The space of functions of bounded mean oscillation or $BMO$ arises when studying the space of functions whos deviation from the mean over cubes is bounded. In ways $BMO$ is similar to $L^\infty$, and it is often used as a replacement, however functions in $BMO$ may be unbounded. The classic example of this is $\log(x)$.

The space $BMO$ naturally arises in other situations too such as when studying singular integral operators, \begin{equation} f(x) \mapsto \int k(x,y) f(y)\, dy. \end{equation} These operators map $L^\infty$ to $BMO$.

For a complex-valued locally integrable function on $\mathbb{R}^n$ we define

\begin{equation} ||f||_{BMO} = \sup_Q \frac{1}{|Q|} \int_Q |f(x) - \text{Avg}_Q f| dx, \end{equation}

where the supremium is taken over all cubes $Q \subset \mathbb{R}^n$. This defines a norm when we take an equivalance class of functions that differ a.e. by a constant.
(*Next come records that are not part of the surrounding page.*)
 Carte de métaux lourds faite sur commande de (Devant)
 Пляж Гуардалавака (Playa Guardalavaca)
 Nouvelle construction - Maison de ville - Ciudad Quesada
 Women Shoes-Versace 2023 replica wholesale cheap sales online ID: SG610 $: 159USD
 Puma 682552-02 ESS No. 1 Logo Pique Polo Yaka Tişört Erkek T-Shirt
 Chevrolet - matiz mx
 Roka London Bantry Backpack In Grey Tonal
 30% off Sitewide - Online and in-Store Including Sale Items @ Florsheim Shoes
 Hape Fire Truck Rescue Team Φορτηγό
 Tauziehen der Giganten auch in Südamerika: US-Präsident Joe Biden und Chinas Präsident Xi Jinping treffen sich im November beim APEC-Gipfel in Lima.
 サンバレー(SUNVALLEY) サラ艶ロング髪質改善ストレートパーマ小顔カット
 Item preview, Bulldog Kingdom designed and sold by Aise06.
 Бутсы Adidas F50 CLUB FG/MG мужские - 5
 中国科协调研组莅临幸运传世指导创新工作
We denote $BMO = \Big\lbrace f : \mathbb{R}^n \to \mathbb{C} \Big| ||f||_{BMO} < \infty \Big\rbrace$. In fact, $BMO$ is a Banach space that contains $L^\infty$.

Our definition for $BMO$ used cubes, but the definition using balls instead is equivalent.

Question: What other shapes could we use? How about $L^p$ balls for $1 \le p \le \infty$?